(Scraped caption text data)
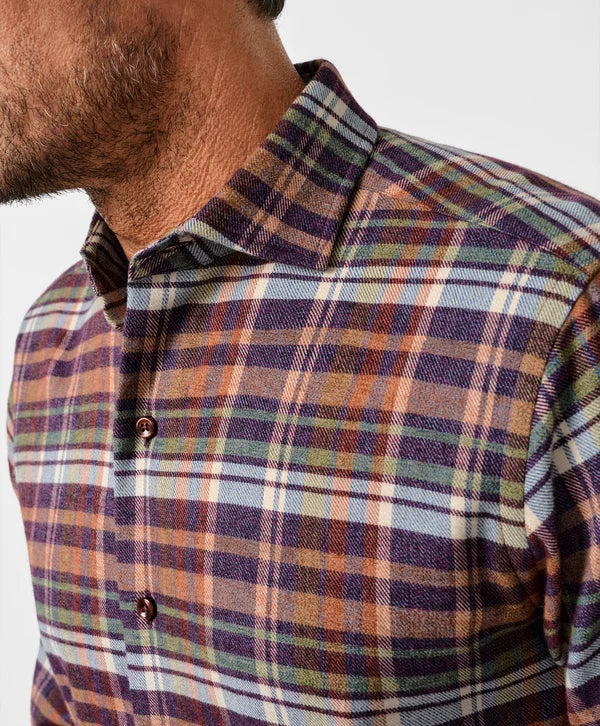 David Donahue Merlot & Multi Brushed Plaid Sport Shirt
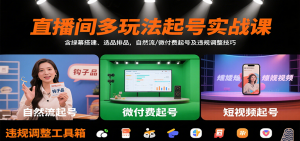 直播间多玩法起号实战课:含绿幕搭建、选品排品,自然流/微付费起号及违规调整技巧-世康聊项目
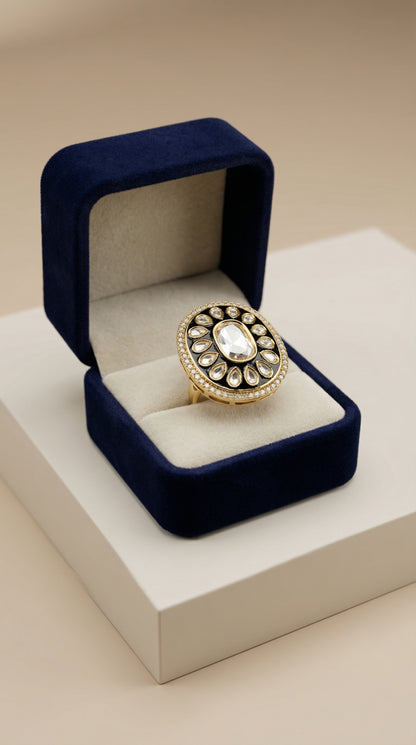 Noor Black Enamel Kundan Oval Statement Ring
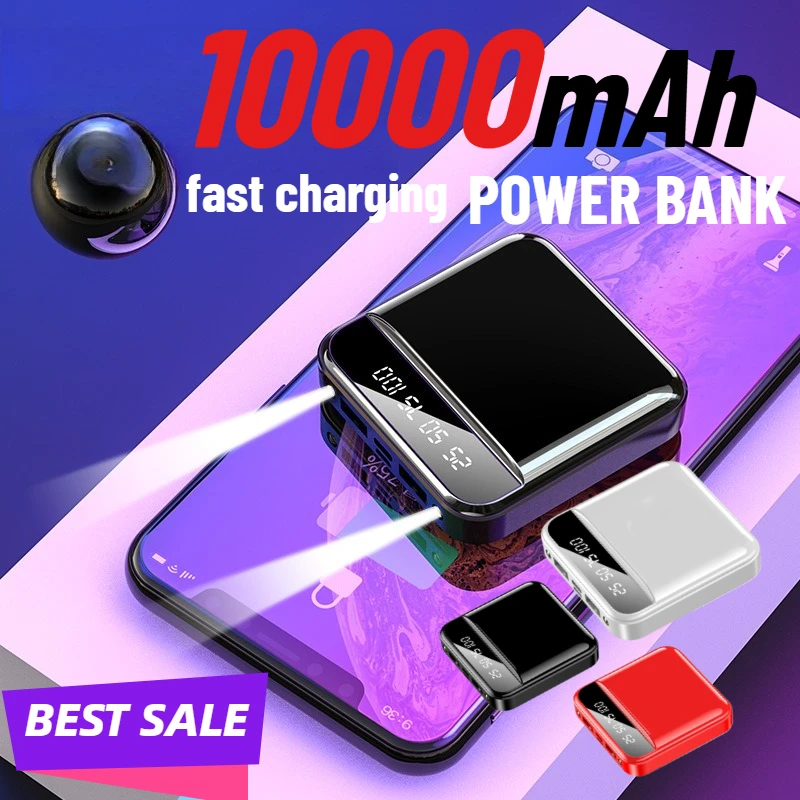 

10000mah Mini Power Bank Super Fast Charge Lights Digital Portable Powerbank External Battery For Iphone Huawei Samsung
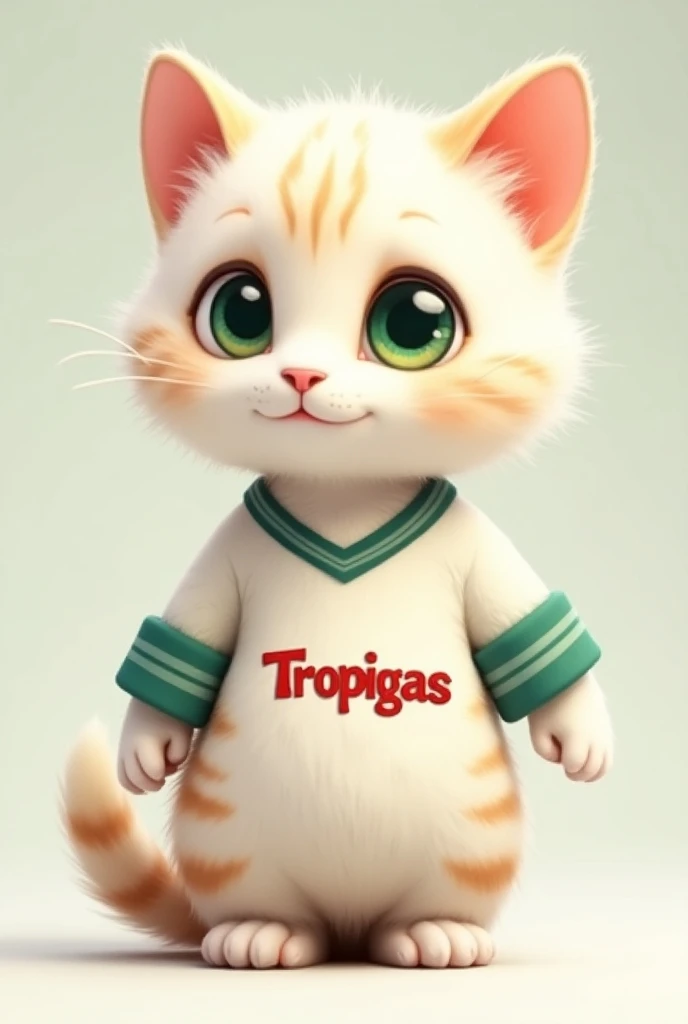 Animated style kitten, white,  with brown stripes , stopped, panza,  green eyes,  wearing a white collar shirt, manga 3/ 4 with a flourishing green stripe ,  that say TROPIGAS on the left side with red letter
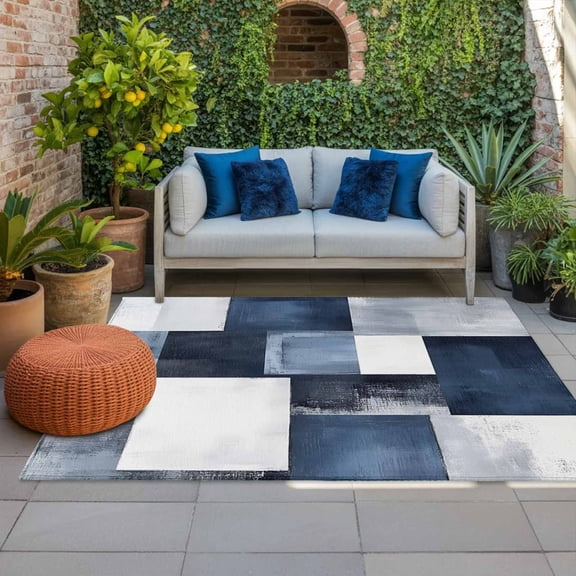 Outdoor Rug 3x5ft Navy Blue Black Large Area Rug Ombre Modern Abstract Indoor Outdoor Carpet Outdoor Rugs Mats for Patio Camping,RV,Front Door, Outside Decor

WHAT IS EXPECTED:
Without including any pictures, please restate all the records exactly.

YOUR SOLUTION:
 David Donahue Merlot & Multi Brushed Plaid Sport Shirt
 直播间多玩法起号实战课:含绿幕搭建、选品排品,自然流/微付费起号及违规调整技巧-世康聊项目
 Noor Black Enamel Kundan Oval Statement Ring

10000mah Mini Power Bank Super Fast Charge Lights Digital Portable Powerbank External Battery For Iphone Huawei Samsung
 Animated style kitten, white,  with brown stripes , stopped, panza,  green eyes,  wearing a white collar shirt, manga 3/ 4 with a flourishing green stripe ,  that say TROPIGAS on the left side with red letter
 Outdoor Rug 3x5ft Navy Blue Black Large Area Rug Ombre Modern Abstract Indoor Outdoor Carpet Outdoor Rugs Mats for Patio Camping,RV,Front Door, Outside Decor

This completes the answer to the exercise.